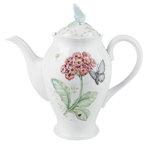 Butterfly Meadow Coffee Server with Lid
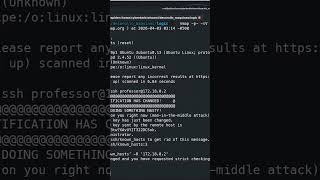 ¿Se detectó un ataque en tu servidor? 🚨  #ciberseguridad #pentesting #hackingdesdecero #windows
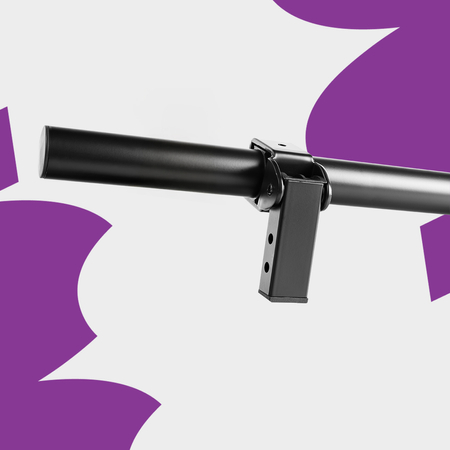 Zestaw ergonomiczny uchwyt monitor laptop lampa Glow adapter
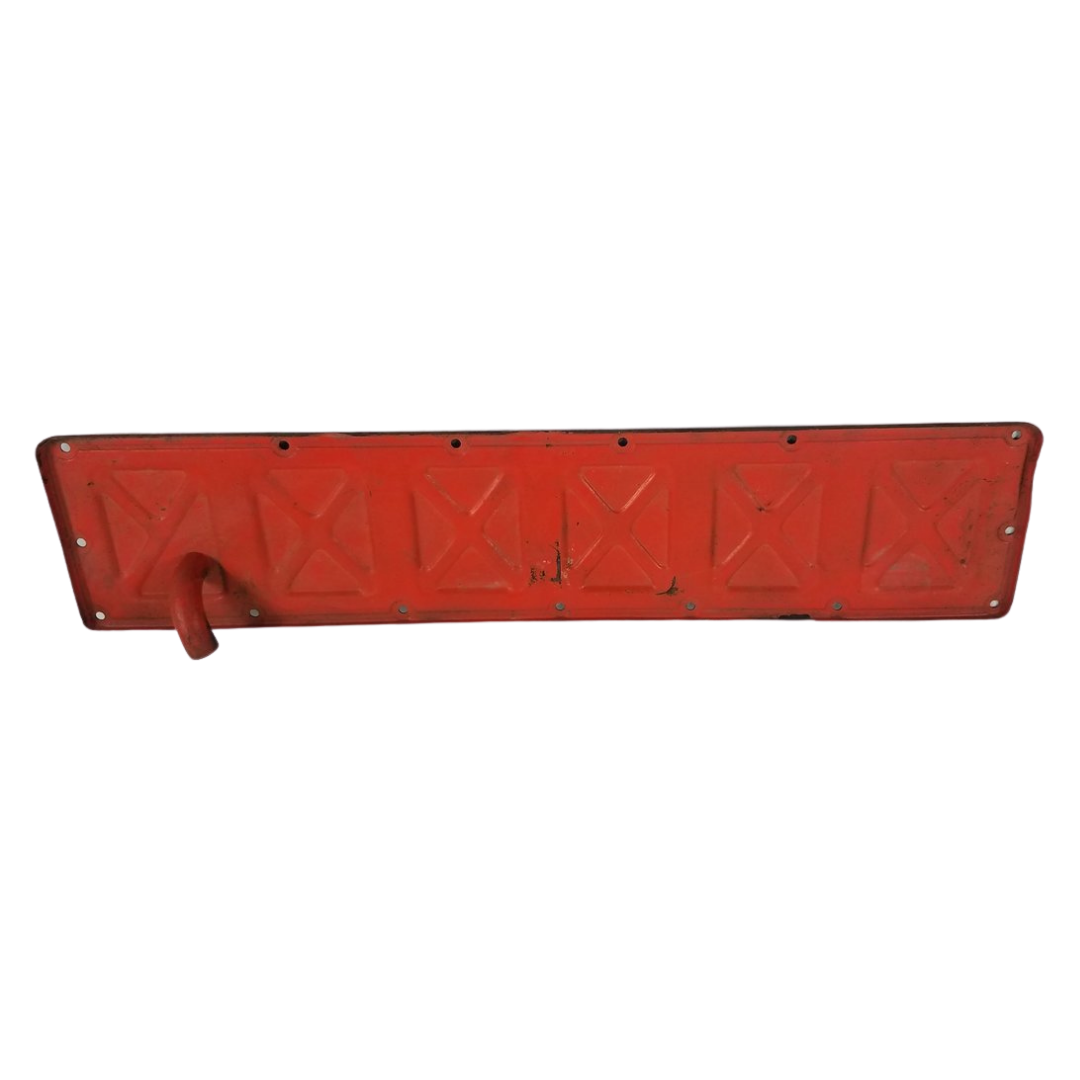 Used - 2F Engine Side Cover Plate  1975-1980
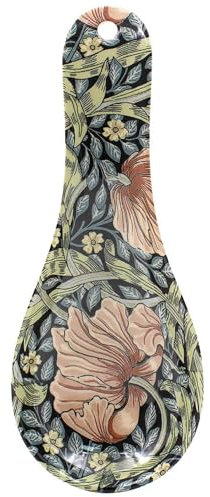 The Leonardo Collection LP94866 Spoon Rest | Pimpernel design | 1 Pc, Multicolor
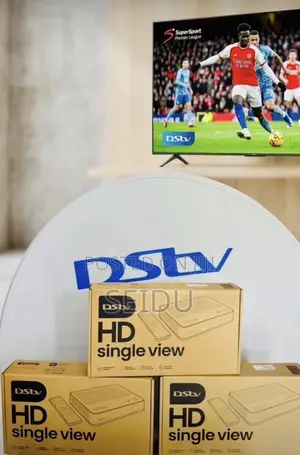 DSTV Decoder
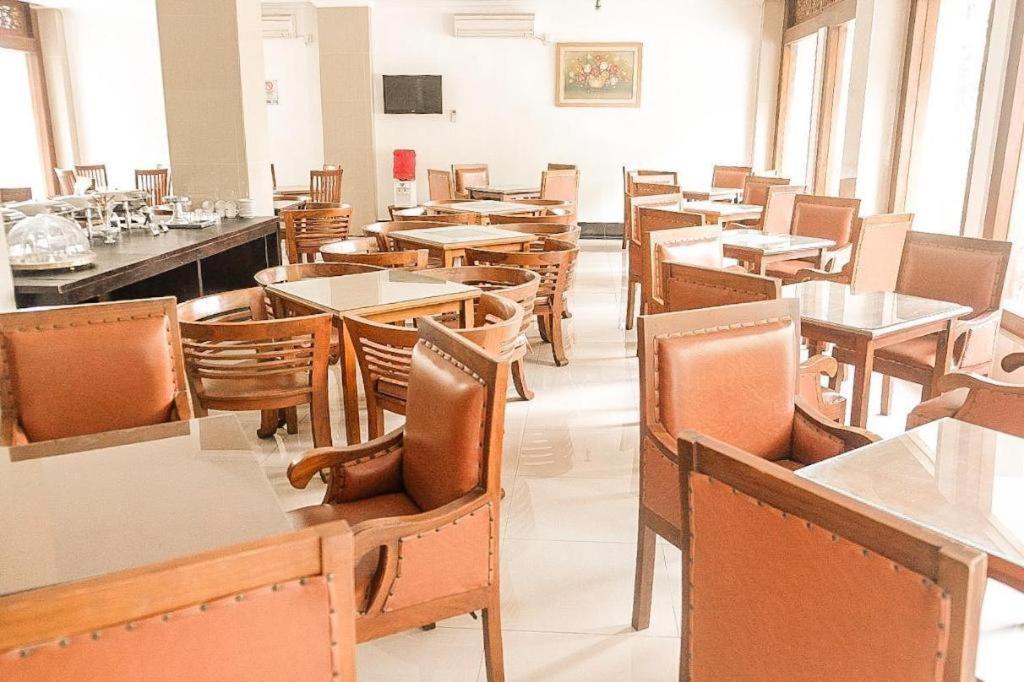 Rizen Padjadjaran Hotel Богор Екстериор снимка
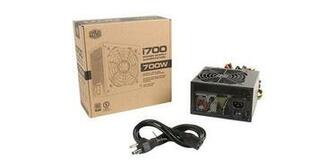 Cooler Master I700 Plus Bronze Atx 12v 700w Power Supply Apk Mod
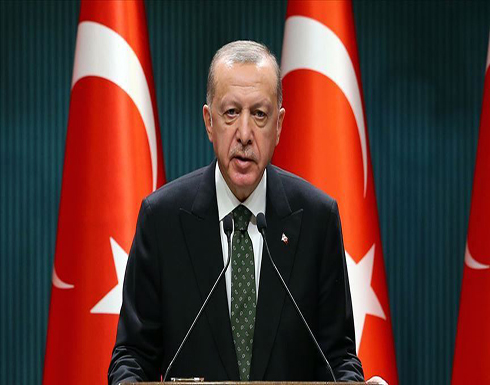 أردوغان: "كورونا" زاد من مسؤولية وأهمية "مجموعة العشرين" أردوغان: "كورونا" زاد من مسؤولية وأهمية "مجموعة العشرين"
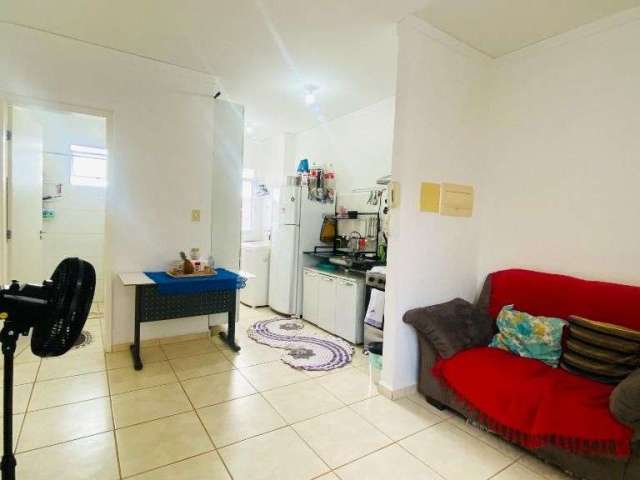 Apartamento Minha Casa Minha Vida à Venda com 02 Quartos no Bairro Jardim Florestan Fernandes em Ribeirão Preto.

--------------------------------------------------

I'd like every record printed exactly, with the pictures left out.

_Response to the exercise_.
 Butterfly Meadow Coffee Server with Lid
 ¿Se detectó un ataque en tu servidor? 🚨  #ciberseguridad #pentesting #hackingdesdecero #windows
 Zestaw ergonomiczny uchwyt monitor laptop lampa Glow adapter
 Used - 2F Engine Side Cover Plate  1975-1980
 The Leonardo Collection LP94866 Spoon Rest | Pimpernel design | 1 Pc, Multicolor
 DSTV Decoder
 Rizen Padjadjaran Hotel Богор Екстериор снимка
 Cooler Master I700 Plus Bronze Atx 12v 700w Power Supply Apk Mod
 أردوغان: "كورونا" زاد من مسؤولية وأهمية "مجموعة العشرين" أردوغان: "كورونا" زاد من مسؤولية وأهمية "مجموعة العشرين"
 Apartamento Minha Casa Minha Vida à Venda com 02 Quartos no Bairro Jardim Florestan Fernandes em Ribeirão Preto.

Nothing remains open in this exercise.